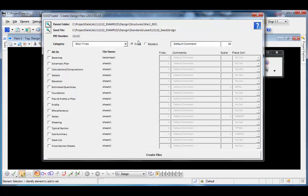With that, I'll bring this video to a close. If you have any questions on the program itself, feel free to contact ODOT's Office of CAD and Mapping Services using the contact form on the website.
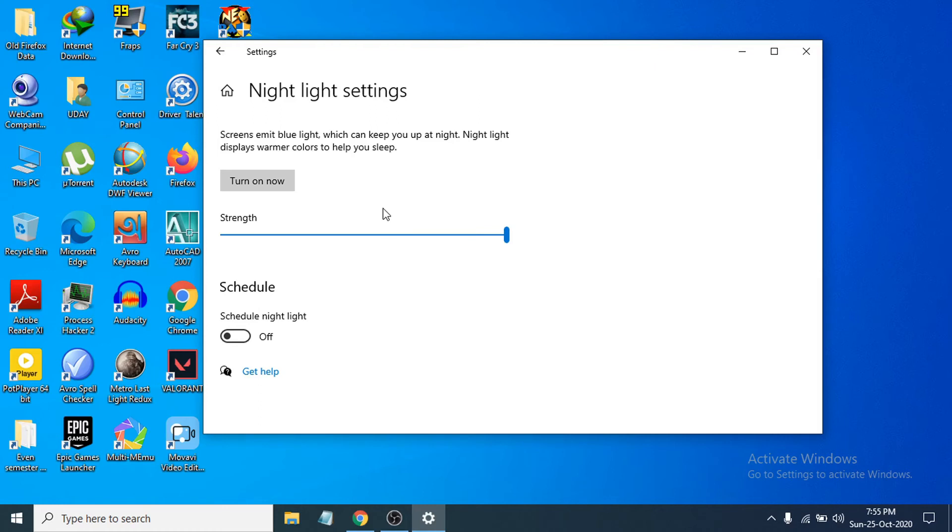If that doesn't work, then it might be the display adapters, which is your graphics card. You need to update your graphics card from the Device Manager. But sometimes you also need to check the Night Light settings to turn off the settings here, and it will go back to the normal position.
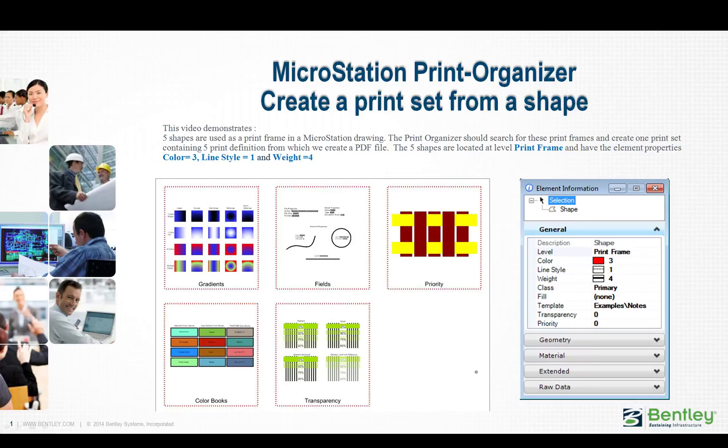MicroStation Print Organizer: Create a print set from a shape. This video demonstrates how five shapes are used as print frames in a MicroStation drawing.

·····

**Instructions to follow:**
For this exercise, return the material word for word and drop each image.

**Solved problem:**
With that, I'll bring this video to a close. If you have any questions on the program itself, feel free to contact ODOT's Office of CAD and Mapping Services using the contact form on the website.
If that doesn't work, then it might be the display adapters, which is your graphics card. You need to update your graphics card from the Device Manager. But sometimes you also need to check the Night Light settings to turn off the settings here, and it will go back to the normal position.
MicroStation Print Organizer: Create a print set from a shape. This video demonstrates how five shapes are used as print frames in a MicroStation drawing.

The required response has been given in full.